• Knowledge keeps you blessed is only available on bandcamp

    Spotify gets some of the cannon but the gems may stay exclusive for the real fans. So. You know what to do people. Go check it. Download it. I put a lot of heart and artery juice in this. Shed a lot of saltwater too, although this is not as blatantly autobiographical and emotional as some of my past projects.

  • Why is there so much content on your socials?

    People ask me why there is so much varied content on my instagram and on my YouTube channel.  Is it some kind of tactic like the president (?) of the US’s decision to flood the zone with spectacle and controversy?  Am I trying to win back a woman who has spurned me?

    No and no.  I am not trying to flood the zone with anything.  I am trying to keep up with the backlog of projects that I have procrastinated on for years and I am also giving only one woman the chance to spurn me.  Thank the universe, she doesn’t.

    As you can see I am deep into two pods.  Both of which attack politics from different angles.  Don’t worry.  I am still making music. Come get that too.

    Pod 1: The Mint Republic

    This is with a co-host, the content creator Daisie Jae, who is a bit of a powerhouse in terms of getting things done.  The Mint Republic has interesting conversations with artists, activists and all kinds of interesting people trying to set the world to rights.  You can check out the podcast below.

    Early days with this project but I’ve been excited to meet some great people through it already.

    Pod 2 Black in The City of London

    This one is getting deep into it now.  Lot’s of people following on socials.  Ten episodes or so out there.  Had a few scraped with the racist, jingoist history deniers, which means that, at least, we are on their radar making them uncomfortable. This is a history podcast rooted in London, telling stories about the black and brown presence in London’s history and the details of how colonialism and enslavement helped shape the capital.

     

  • Conscious MC saves the world in perilous time

    There are conscious MCs out there and I know the term is reductive but it fits. MCs that have decided to make their work about the world and take stances against the evils they see.

    Some MCs benefit from being figureheads. Thinkers follow their words and I believe that rappers can be the last true generalist thinkers allowed to pontificate on serious subjects without having specific expert knowledge.

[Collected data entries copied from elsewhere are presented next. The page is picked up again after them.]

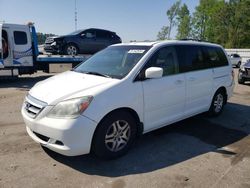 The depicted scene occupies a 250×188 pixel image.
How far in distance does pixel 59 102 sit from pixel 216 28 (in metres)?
51.0

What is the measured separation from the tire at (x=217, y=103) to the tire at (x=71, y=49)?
361 inches

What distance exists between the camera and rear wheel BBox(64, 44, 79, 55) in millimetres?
13617

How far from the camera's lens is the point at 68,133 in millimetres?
3391

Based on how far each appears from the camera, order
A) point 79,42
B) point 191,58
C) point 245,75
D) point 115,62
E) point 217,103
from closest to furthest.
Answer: point 115,62
point 191,58
point 217,103
point 245,75
point 79,42

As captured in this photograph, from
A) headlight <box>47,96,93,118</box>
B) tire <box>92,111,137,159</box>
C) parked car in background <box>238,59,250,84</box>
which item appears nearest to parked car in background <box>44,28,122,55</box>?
parked car in background <box>238,59,250,84</box>

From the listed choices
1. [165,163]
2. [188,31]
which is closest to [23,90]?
[165,163]

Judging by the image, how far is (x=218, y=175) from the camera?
11.7 feet

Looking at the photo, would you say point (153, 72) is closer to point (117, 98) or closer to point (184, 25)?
point (117, 98)

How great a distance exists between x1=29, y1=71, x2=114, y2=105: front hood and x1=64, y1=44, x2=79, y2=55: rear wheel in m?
9.60

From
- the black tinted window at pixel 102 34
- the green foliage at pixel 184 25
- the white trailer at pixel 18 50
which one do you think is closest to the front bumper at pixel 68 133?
the white trailer at pixel 18 50

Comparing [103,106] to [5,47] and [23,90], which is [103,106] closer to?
[23,90]

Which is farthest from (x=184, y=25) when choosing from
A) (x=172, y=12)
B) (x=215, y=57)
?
(x=215, y=57)

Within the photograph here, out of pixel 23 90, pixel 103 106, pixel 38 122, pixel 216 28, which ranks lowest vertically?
pixel 23 90

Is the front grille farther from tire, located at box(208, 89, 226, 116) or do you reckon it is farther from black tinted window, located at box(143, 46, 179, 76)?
tire, located at box(208, 89, 226, 116) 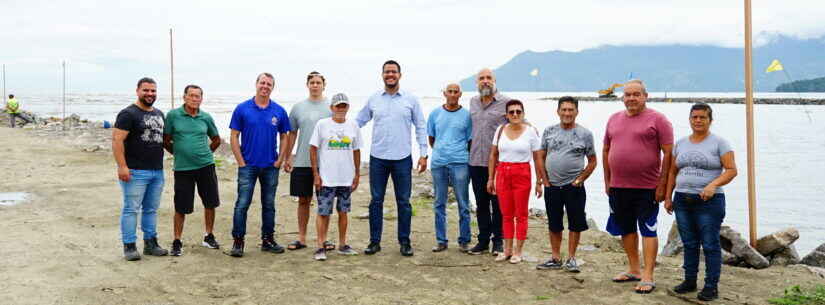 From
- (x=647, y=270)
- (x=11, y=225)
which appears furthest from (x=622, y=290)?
(x=11, y=225)

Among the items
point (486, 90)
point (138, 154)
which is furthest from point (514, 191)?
point (138, 154)

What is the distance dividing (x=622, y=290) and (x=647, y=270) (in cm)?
28

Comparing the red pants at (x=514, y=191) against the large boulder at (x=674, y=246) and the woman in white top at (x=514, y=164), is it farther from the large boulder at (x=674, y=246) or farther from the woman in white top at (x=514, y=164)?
the large boulder at (x=674, y=246)

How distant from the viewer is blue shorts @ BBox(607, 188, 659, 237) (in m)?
5.25

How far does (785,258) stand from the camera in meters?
6.95

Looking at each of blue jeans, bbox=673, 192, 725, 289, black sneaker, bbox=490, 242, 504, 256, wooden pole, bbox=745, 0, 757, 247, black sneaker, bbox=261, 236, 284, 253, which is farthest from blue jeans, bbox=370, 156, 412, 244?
wooden pole, bbox=745, 0, 757, 247

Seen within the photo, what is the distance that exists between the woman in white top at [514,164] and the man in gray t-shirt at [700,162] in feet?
4.62

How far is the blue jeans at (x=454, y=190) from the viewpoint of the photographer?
6555 millimetres

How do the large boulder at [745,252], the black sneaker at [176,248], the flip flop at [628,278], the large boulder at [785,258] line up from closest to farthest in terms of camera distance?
the flip flop at [628,278]
the black sneaker at [176,248]
the large boulder at [745,252]
the large boulder at [785,258]

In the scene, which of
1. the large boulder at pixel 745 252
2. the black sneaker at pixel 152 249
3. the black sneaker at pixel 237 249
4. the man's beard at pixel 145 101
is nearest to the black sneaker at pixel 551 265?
the large boulder at pixel 745 252

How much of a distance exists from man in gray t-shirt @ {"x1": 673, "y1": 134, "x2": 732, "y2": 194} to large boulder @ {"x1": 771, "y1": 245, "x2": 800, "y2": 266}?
112 inches

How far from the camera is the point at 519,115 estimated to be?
609cm

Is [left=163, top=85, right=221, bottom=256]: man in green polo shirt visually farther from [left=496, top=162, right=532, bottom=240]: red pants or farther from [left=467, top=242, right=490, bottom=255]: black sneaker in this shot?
[left=496, top=162, right=532, bottom=240]: red pants

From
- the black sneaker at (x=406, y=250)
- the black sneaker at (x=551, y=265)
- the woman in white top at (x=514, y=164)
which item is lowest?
the black sneaker at (x=551, y=265) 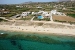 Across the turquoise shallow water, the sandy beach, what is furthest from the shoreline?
the turquoise shallow water

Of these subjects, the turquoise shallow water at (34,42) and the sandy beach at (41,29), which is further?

    Some MCs lose out as a result of the stances they take. They might not even know that their independent motion is getting the eyes and ears of people who can throw a bucket of money their way. Maybe they would change or maybe they would not.

    I like to think I am more than conscious because I have problematic past material. I want conscious to mean less about preaching an idealised future and present but reflecting on an imperfect past to transform the future.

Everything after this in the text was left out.